• WHAT IS BEING ASKED:
Please output only the lines running from the one that contains "Renault Clio IV" through the last line of the data below, exactly as they stand, with no pictures.

START AVAILABLE DATA

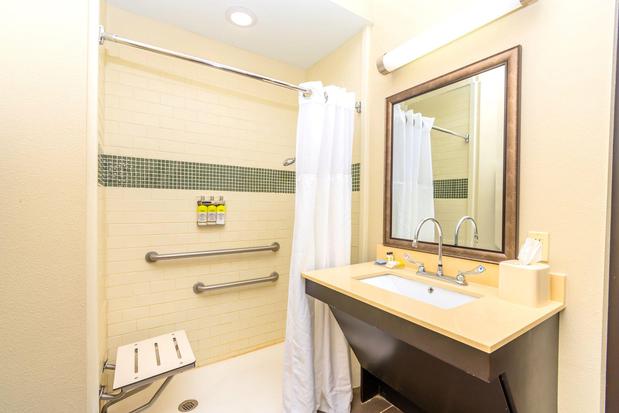 Images Staybridge Suites Houston IAH - Beltway 8 by IHG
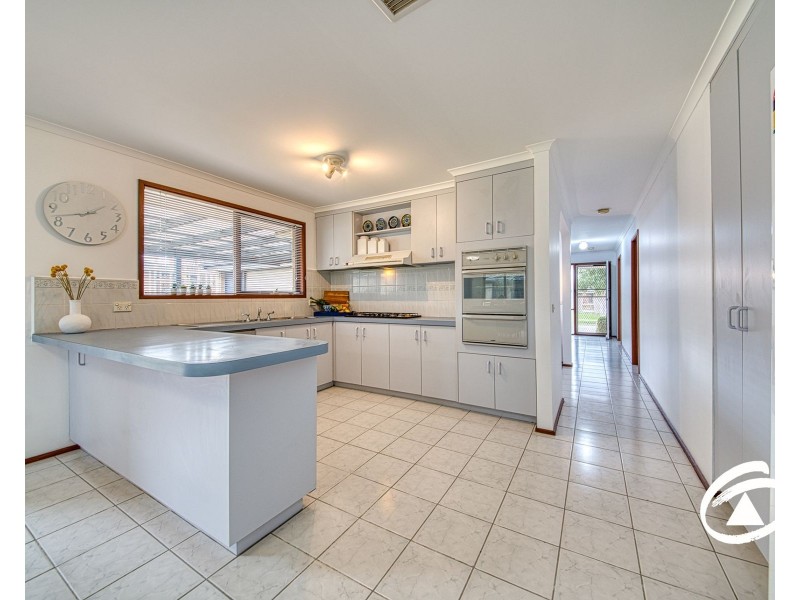 60 Barondi Avenue, Narre Warren VIC 3805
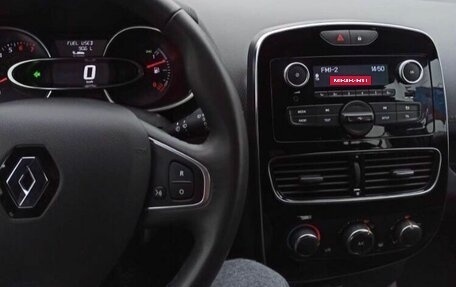 Renault Clio IV рестайлинг, 2017 год, 1 350 000 рублей, 9 фотография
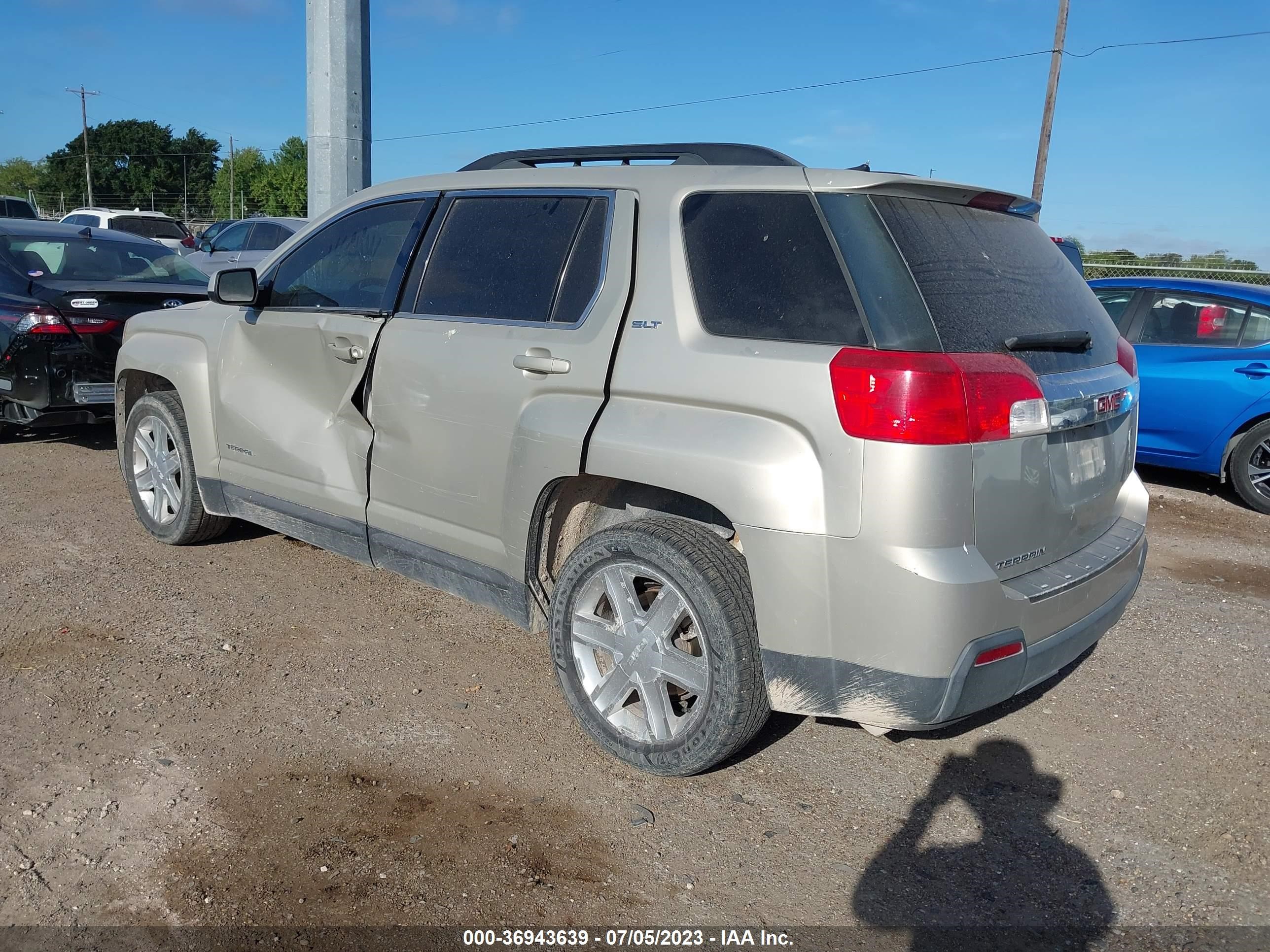 Photo 2 VIN: 2CTALUEC0B6273377 - GMC TERRAIN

END AVAILABLE DATA

• ANSWER BELOW:
 Renault Clio IV рестайлинг, 2017 год, 1 350 000 рублей, 9 фотография
 Photo 2 VIN: 2CTALUEC0B6273377 - GMC TERRAIN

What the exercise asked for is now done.